Responding to an article in The Washington Star, Wade said the money was spent on constituent meals, use of the Senate recording studio and travel, among other things. Campaign officials were unsure whether these were legitimate campaign expenses so they paid for them out of a "special account" of personal money maintained by Talmadge, Wade said.

Wade said that later in 1974 the "confusion" about new campaign finance rules faded. Talmadge campaign officials decided that the earlier expenditures - $14,669 in 1973 and $12,243 in 1974 - were legitimate campaign outlays and reimbursed the senator out of campaign funds.

The use of the money should have been publicly reported at that time, Wade conceded. There was "no intent to hide the expenditure. It was a technical matter. There's no allegation of wrongdoing. Any errors are being corrected through amended reports," he said.

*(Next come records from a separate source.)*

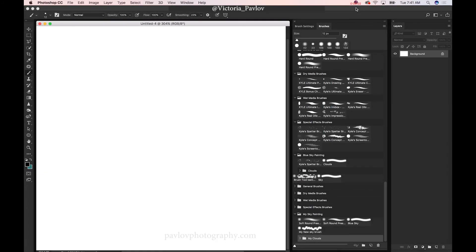Hello guys! My name is Victoria Pavlov and today I would like to introduce to you the new feature in Adobe Photoshop CC. I'm talking about brush presets organization.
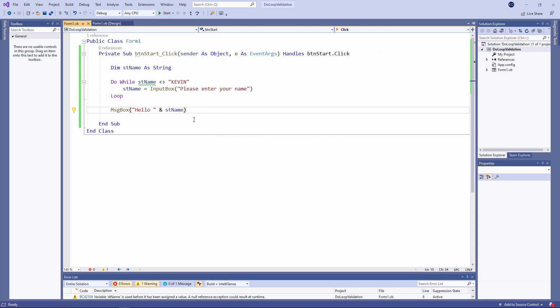You can see why this is called a condition controlled loop rather than a count controlled loop. I'm not incrementing a variable to determine how many times I pass through the loop. There's no loop counter involved.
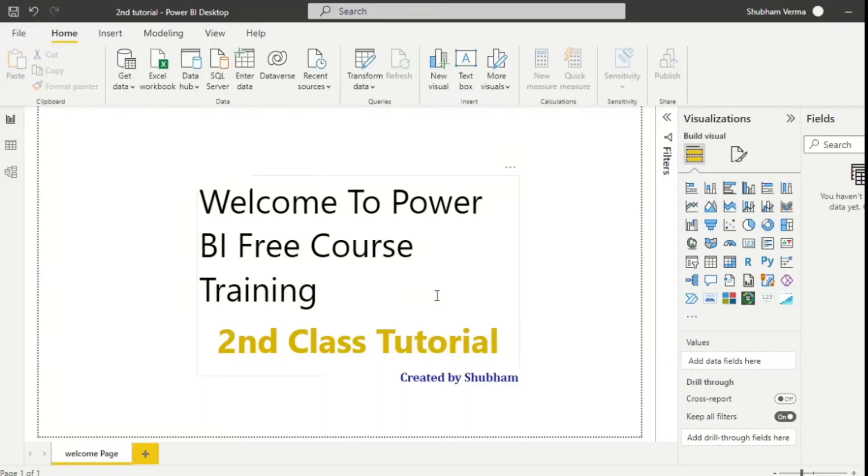Hello everyone, welcome back to our channel. This is our second tutorial class of Power BI where we will discuss how to import data into Power BI.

The senator is already the object of a preliminary inquiry by the Senate Ethics Committee because of reports that he received gifts of cash, clothing and other goods from friends and political supporters during his years in office. Talmadge told The Star that whenever he returns to his home state, he is showered with "small gifts to cash . . . small, inconsequential amounts."

Wade said that Talmadge Campaign Committee would provide the secretary of the Senate receipts showing how the $27,000 was spent in 1973 and 1974. Those receipts were not available yesterday, he said in response to a request from The Washington Post.